I don't doubt that you sell that many screws versus nails however on the sunshine coast they don't show up here in the same percentage. There is no doubt using ss counter sunk type 17 square driven is the way I advise people. However most of the builders up here use a nail gun and cause a lot of splitting during the installation. It is all about time and speed. The method I really prefer is to counter sink deeper,install the screw and fill the hole with a wooden plug. Cut off the plug and sand flush. Very slow but looks great and prevents a lot of issues over time the long term. 
You are right with the Basso site sorry about that. I purchased mine from Portugal Cork . They are in Mansfield 3343 7677 ask to speak to Frank he is the sales manager. I buy my abrasives from them as well as other gear. Tell him you are buying and then selling to me and want the best price HA HA. They are imported by www. Gamer.com.au 
The gun has a barrel that is like a large size drinking straw. The pin inside is recessed about 3-4 mm inside from the end. When you pull the trigger the pin comes out. The amount of force required is dependent on
1. The size of the dome head
2.Type of hardwood decking and the condition it is in
3. Hardwood or pine joists
4. the amount of PSI in the compressor
 The end of the barrel is open and fits fairly nice over nail head(depending on the size of the nail head)  The pin is cylindrical. I have found that a very slight tapering on its end gives a better result .
Sometimes 1 punch is enough. Often it may need 2 rarely 3. I use it until my compressor starts up to refill the pressure. That is when I stand up ,stretch my aching back,curse the fact that those wretched nails are there and start thinking of my beer fridge. 
Please feel free to call me if you have any issues 
Jim J   Restore-A-Deck :: decks timber restoration maintenance jetty boardwalk fences 
Good Luck!

----------


## dukekamaya

Fair enough.
Most the builders here screw the decks (exception being treated pine) with either gal or S/S screws. 
We sell far more ironbark decking than anything else - the nail guns don't generally go through so screwing is the best option anyway. 
The Kleva-Kilp fixing with Modwood is becoming very popular too

----------


## Jim bob

Well I have been fortunate.
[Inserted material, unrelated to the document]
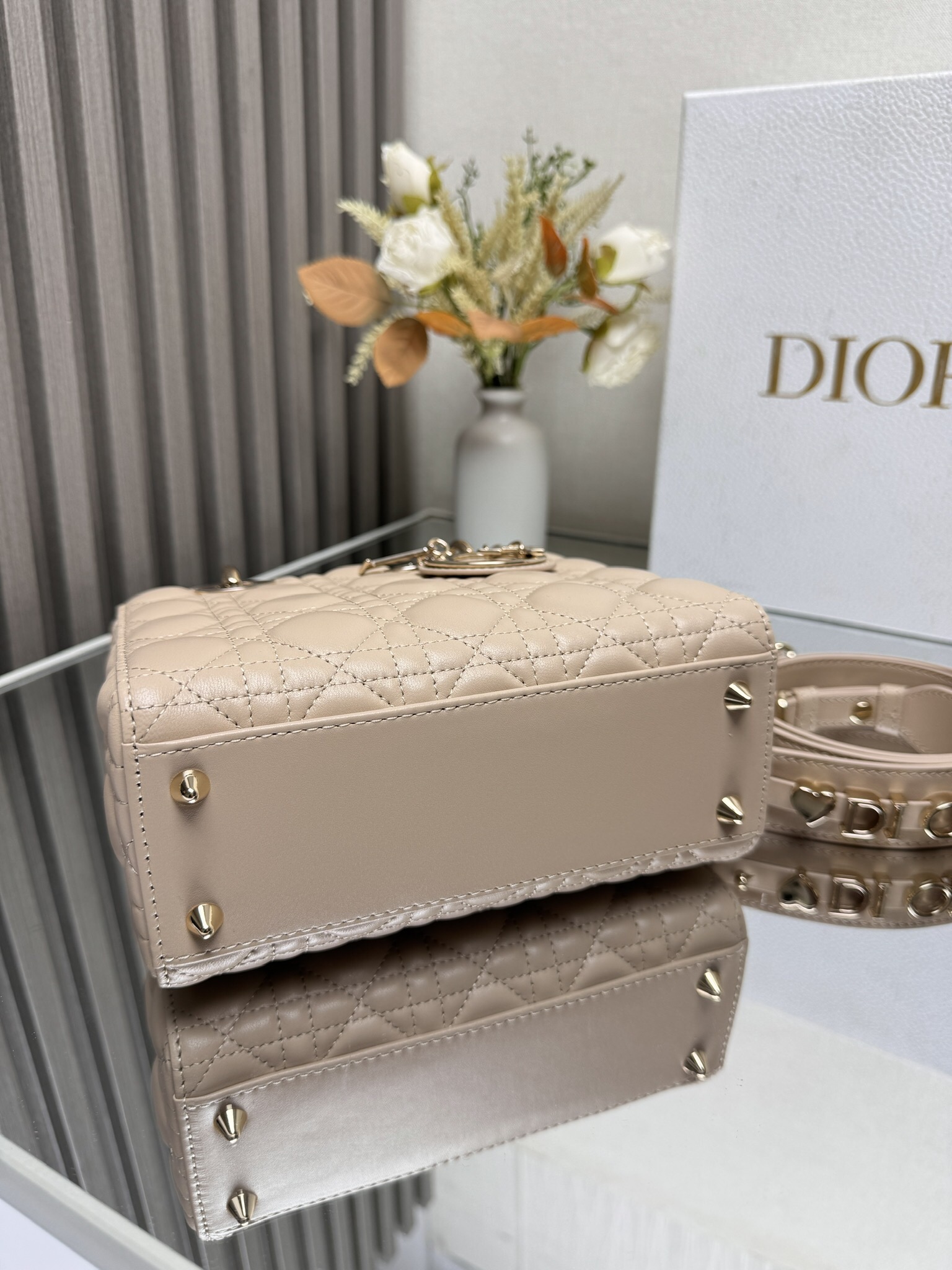 Dior Small Ladies My ABC Bag M0538ONGE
I managed to pick one up on ebay for $100! These things can't be common. Really was dumb luck. 
Thanks Jim for the tip off. At that price I will find it hard to part with it if it proves handy but if I decide I won't need it after the deck job I'll honour the half price deal and you can purchase for $50. I was planning on building another deck at some stage and if I nail it this would come in handy but I might choose screws this time. 
Well I know what I'll be doing next weekend.....

----------


## jimj

Well done you got a great purchase price. Good luck with it. You will find that you need to stand over the top of the gun and apply downward pressure with your other hand. Be warned that regardless of the method used in punching the nails splitting can occur. Especially on the ends of butt joins. I think after you have done this exercise it will have convinced you that for your next deck that countersunk stainless steel screws will be the go. 
jimj   Restore-A-Deck :: decks timber restoration maintenance jetty boardwalk fences

----------


## jimj

Forgot to add that it is wise wearing eye protection. Occasionally small pieces of wood may fly up and it you. 
Jim J

----------